Not Exactly Sure How to Find What You Are Looking for? Try Graph Analysis

Published in

The Startup

11 min readSep 8, 2020

You have probably heard it many times already, but the amount of data in the world is growing at an incredible rate. This is in large part due to data storage having become so cheap that where you 20+ years ago would keep only certain (golden) records, you now store everything “just in case”. (This reluctance to throw anything out, has in fact come back to haunt many banks as they now scramble to dig out that one source of the truth — cue heavenly light and angel choir.)
However, it also has a lot to do with the interconnectedness between appliances, devices, cars, and the list goes on. A connectedness that will only increase in coming years. It is obvious that this new digital paradigm beckons a new way of storing and working with data. One which naturally caters for the connectivity.

[…] you are looking for something in a big (and growing) haystack of data, you just don’t know precisely what

Before you get too carried away with that philosophical gaze, staring into the future, I would like to stop you and instead have you imagine that you have recently joined an apparently progressive fraud-detection and prevention unit in a bank or insurance company (this is your imagination, so feel free to pick another company, government entity, etc. where fraud can happen, which would be practically everywhere). Your first task is to find anomalies or suspicious combinations in a BIG dataset. Only problem is that, what constitutes anomalous and suspicious is not well-defined, and in many cases not known. Not to mention that this will change over time — fraudsters tend to be quite agile or maybe we have just never really applied the right tools to find them. In other words, your boss tells you, you are looking for something in a big (and growing) haystack of data, you just don’t know precisely what — plus there are plenty of other stacks around which you may need to add to the mix.

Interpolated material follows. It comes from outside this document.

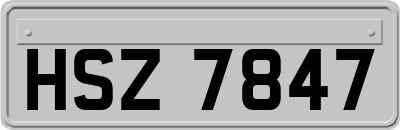 HSZ7847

Being the awesome data scientist that you are, you think “no matter, I’ll just run through the motions of exploratory data analysis (EDA), perhaps whip out a few of my favorite clustering algorithms to enrich the data and attach outlier scores, perform some dimensionality reduction tricks and cook up a few nice vizes and wham-bam, we’ll not only have that haystack sorted, but we will also be able to spit out family albums of the data where it will be clear who’s the black sheep”. No surprise really, that you are feeling pretty good about yourself, as you take a sip of coffee and pop open Databricks, Alteryx, a Jupyter notebook or whatever your weapon of choice is for this sort of work, only to realize that nearly all the data fields are pieces of information like account numbers, free text fields, transaction IDs, receiving account IDs, and personal information on the account holders.
Curious about the ensuing swearing, your newfound office-bff leans over to ask what’s going on, only to learn that there will be very little wham and even less bam on account of such data having no obvious ordering and as such not lending itself too well to the analysis approach you had been daydreaming about just before you went for coffee.

[…] you end up taking a nice face-in-the-key-board-napppppppppp…

After a few deep breaths you get on your not so merry way and look at frequencies of entries, apply k-modes clustering, etc. You even learn (as I recently did) that there is something called multiple correspondence analysis, which is the PCA of the categorical world (apparently). However, while this does get you some of the way, and churn out some outliers and a few suspicious cases, it turns out that these are the not so agile criminals. Having worked really hard on this for at least 45 mins, you end up taking a nice face-in-the-key-board-napppppppppp…. You dream yourself away to a quiet vacation with your friends, where you visit museums, try the local cuisine and go to the trebuchet range. All the while, taking turns to pay and then transferring money to each other afterwards. As you are woken by your office-bff laughing at cat videos you suddenly have an epiphany: what if you could easily see who was transferring money to whom? and if on top of that you could add information, such as whether a person was a company owner, who else was part of the ownership of that company, and were they customers as well.
You realize that what you need is a data model that is more flexible than the classical relational database. One which permits for easy integration of new data, but also one that stores information not only about the single customer or employee (or whatever is your object of scrutiny), but also about how they are connected. What you are looking for is a graph database!

What is in a graph?

But what is a graph? In mathematical terms, a graph, G, consists of a set of vertices, V, and a set of edges, E, that connect these vertices. It is as simple as that! But just to unfold this a little more, we need to return to the dream for a second (you were probably dozing off anyways at this point).
You and your friends each make for a so-called node or vertex — think of a dot — together you form a set of nodes or vertices; i.e., we now have the V. Each node can contain information about number of accounts, credit cards, mortgage types, user of mobile bank (y/n) and so on, but also any other type of information that could be relevant such as age, education and marital status. This is the type of information that would usually be present in a row(s) (your row(s)) in a relation database. The transferals between you make for connections or edges — think of lines connecting your dot to your friends’ dots.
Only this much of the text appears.